Ilma dan Ismail memutuskan untuk menikah pada bulan September 1991, saat keduanya masih berstatus mahasiswa tingkat akhir. Sebuah keputusan berani di usia muda yang kemudian terbukti sebagai fondasi dari perjalanan rumah tangga yang kokoh dan penuh keberkahan. Dari pernikahan itu, mereka dikaruniai enam orang anak yang menjadi sumber kebahagiaan sekaligus motivasi bagi keduanya dalam menapaki kehidupan.

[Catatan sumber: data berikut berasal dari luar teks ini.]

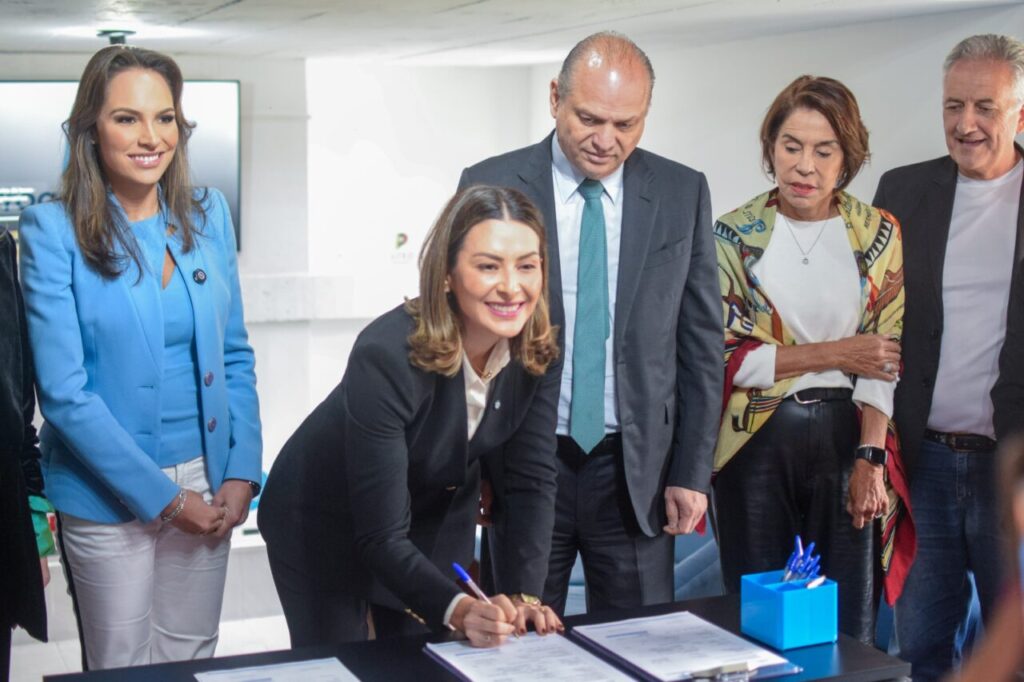 Mabel Canto assina ficha PP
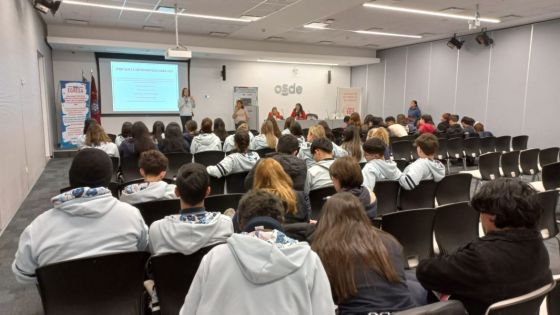 Conversatorio sobre derechos por la semana de las adolescencias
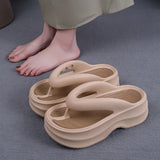 2024 New Elevated Soft Sole Anti Slip Women's Slippers Thick EVA Soft Sole Home Platform One Line Outwear Beach Summer Sandals
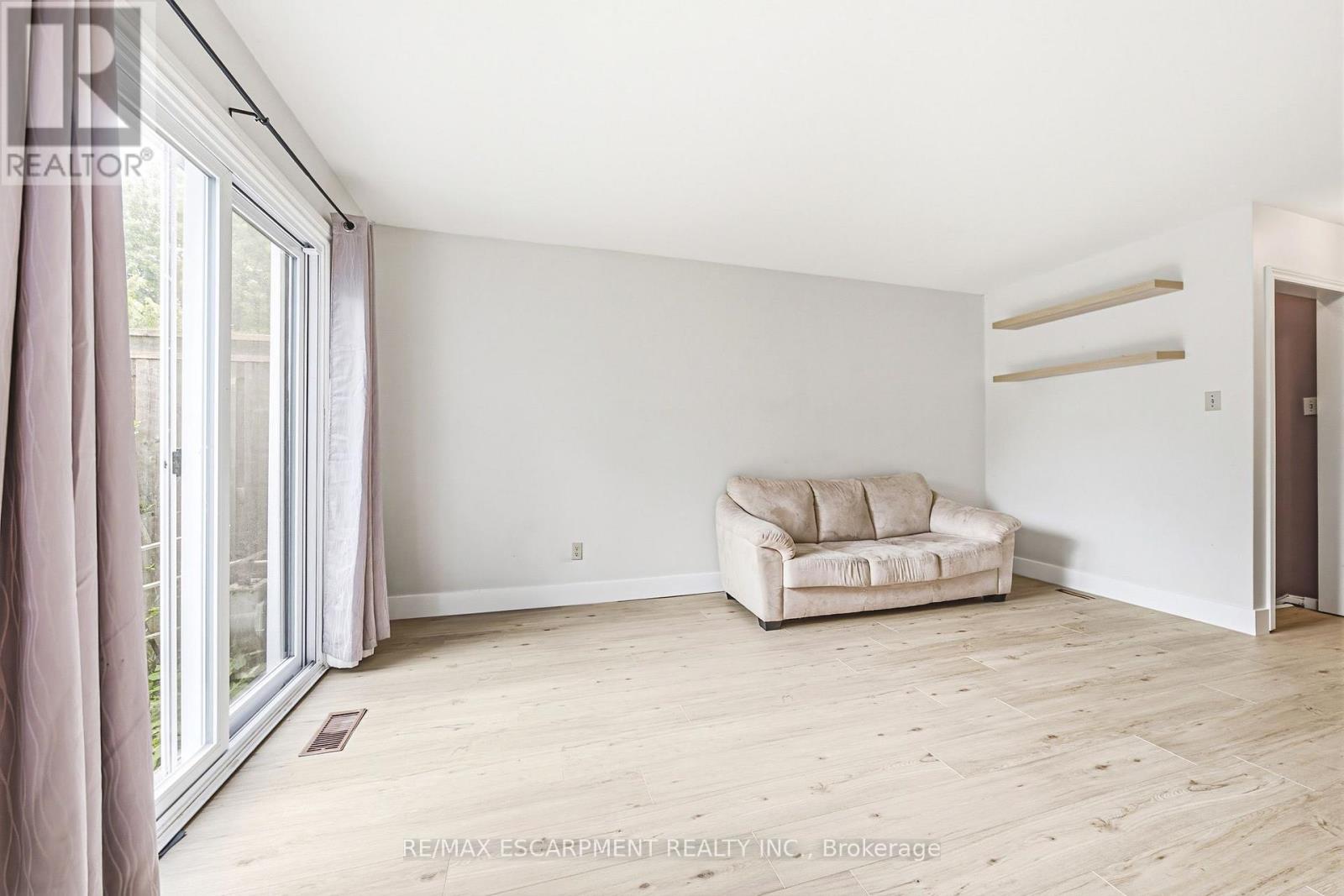 #14 564 SHERATON ROAD - 5
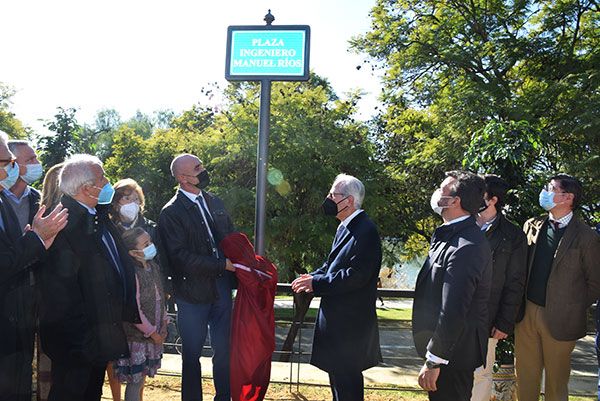 La ciudad de la Giralda honra al ingeniero que salvó el Puente de Triana en 1977 - 1, Foto 1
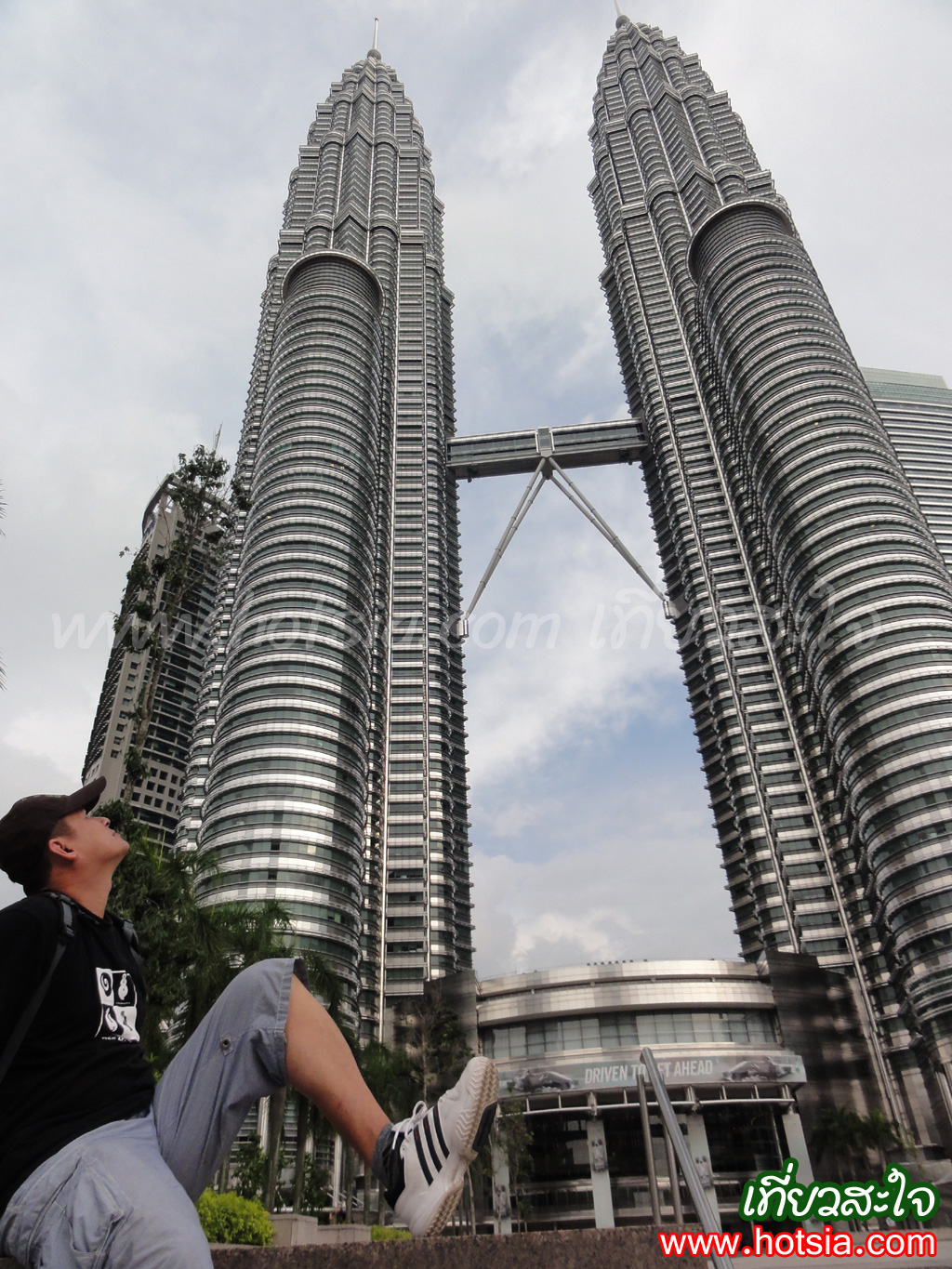 เที่ยวมาเลเซีย ตึกปิโตรนาส ในกัวลาลัมเปอร์ มาเลเซีย (Petronas twin tower)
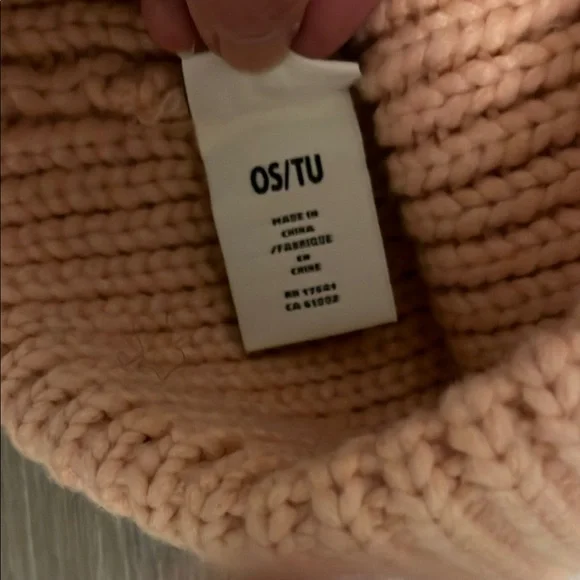 UGG Chunky Knit Beanie in baby pink - Picture 6 of 8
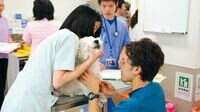 小動物志向増える獣医師､実習の充実が課題に 飼い主の動物病院選びは､ますますシビアに
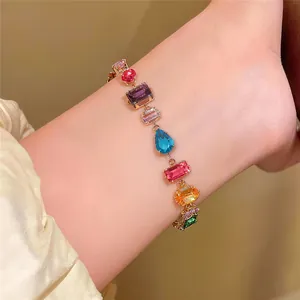 Gros plan détaillé montrant les zircons multicolores vibrants de ce bracelet élégant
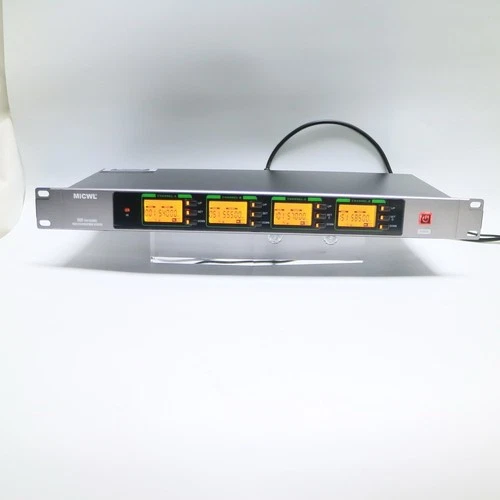 ULXD4Q LED Wireless 4 Microphone System 4 SKM9500 Handheld Mics 540-590MHz - Picture 5 of 9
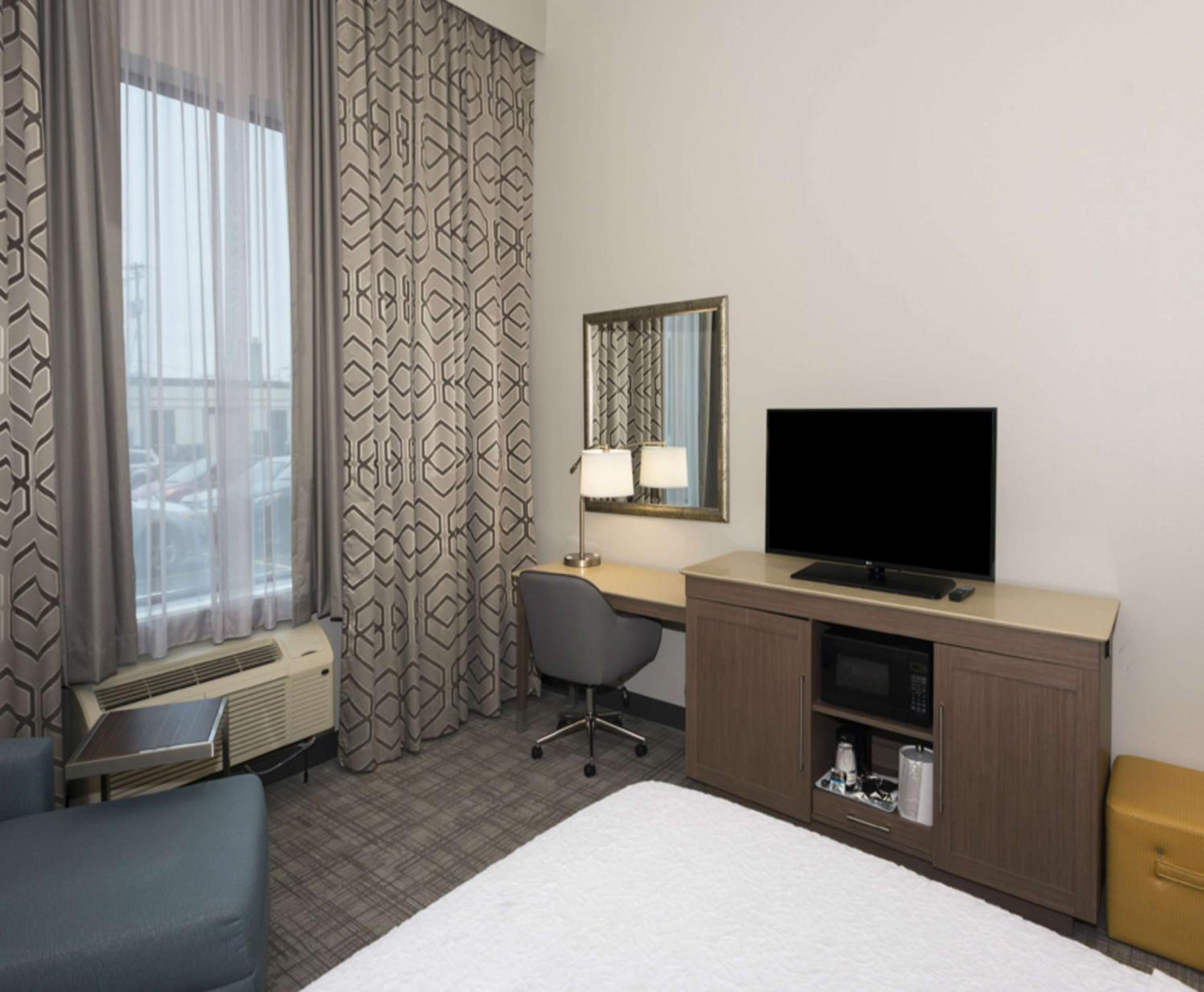 STANDARD, KING BED, ACCESSIBLE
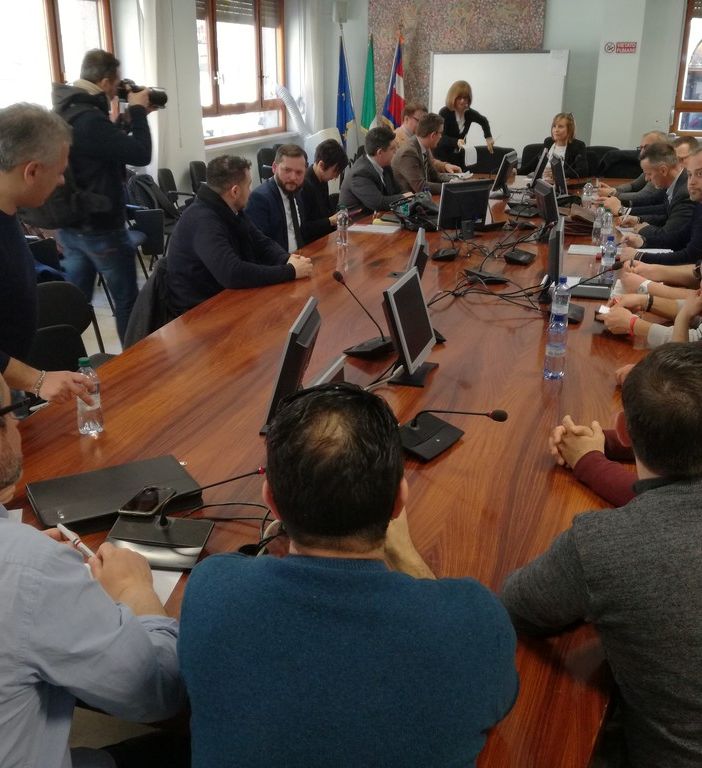 Embraco, definiti gli incentivi all'esodo. Ora si attende la firma del congelamento dei licenziamenti (FOTO E VIDEO)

Ilma bukan hanya pasangan hidup, tetapi juga sahabat seperjuangan bagi Ismail. Ia menemani Ismail sejak masa-masa sulit, ketika sang suami masih mengajar les privat dari rumah ke rumah demi memenuhi kebutuhan sehari-hari. Ia menyaksikan setiap langkah dan kerja keras Ismail dalam membangun karier, hingga akhirnya kini menduduki posisi bergengsi sebagai Sekretaris Jenderal di Kementerian Komunikasi dan Digital (Komdigi). Kesetiaan dan dukungan Ilma menjadi pilar penting di balik setiap keberhasilan yang diraih suaminya.
Tidak hanya aktif di bidang akademik, Ilma juga turut berperan dalam kegiatan sosial kemasyarakatan. Ia menjabat sebagai Ketua Dharma Wanita Komdigi, sebuah posisi yang ia jalani dengan semangat dan dedikasi tinggi. Dalam perannya tersebut, Ilma aktif mensosialisasikan pentingnya literasi dan transformasi digital bagi perempuan, mendorong kaum ibu dan perempuan Indonesia agar melek teknologi dan mampu berdaya di era digital.
Meski memiliki banyak tanggung jawab sebagai ibu rumah tangga, Ilma tidak pernah mengabaikan impiannya di bidang pendidikan dan keilmuan. Ia melanjutkan studi magister di Fakultas Farmasi Universitas Indonesia (UI), dan kemudian kembali ke almamaternya, ITB, untuk menempuh program doktoral di bidang yang sama. Konsistensinya dalam riset dan akademik membawanya menjadi dosen tetap di Sekolah Farmasi ITB, tempat ia membina generasi demi generasi calon apoteker dan ilmuwan farmasi.
Perjuangan panjang dan dedikasi tanpa henti itu akhirnya membuahkan pengakuan tertinggi di dunia akademik. Pada tahun 2025, Ilma resmi menyandang gelar Profesor dalam bidang farmasi di ITB. Ia telah mempublikasikan puluhan artikel ilmiah di jurnal-jurnal internasional terindeks Scopus, bahkan banyak di antaranya masuk dalam kategori Q1, menunjukkan kualitas dan dampak risetnya yang sangat tinggi.
Kini, di samping tetap aktif dalam kegiatan akademik, sosial, dan penelitian, Ilma juga menikmati perannya sebagai nenek dari tiga cucu yang lucu dan menggemaskan. Hidupnya adalah potret ketekunan, cinta, dan keberanian seorang perempuan yang tak pernah berhenti belajar, mencinta, mengabdi—dan memberi inspirasi.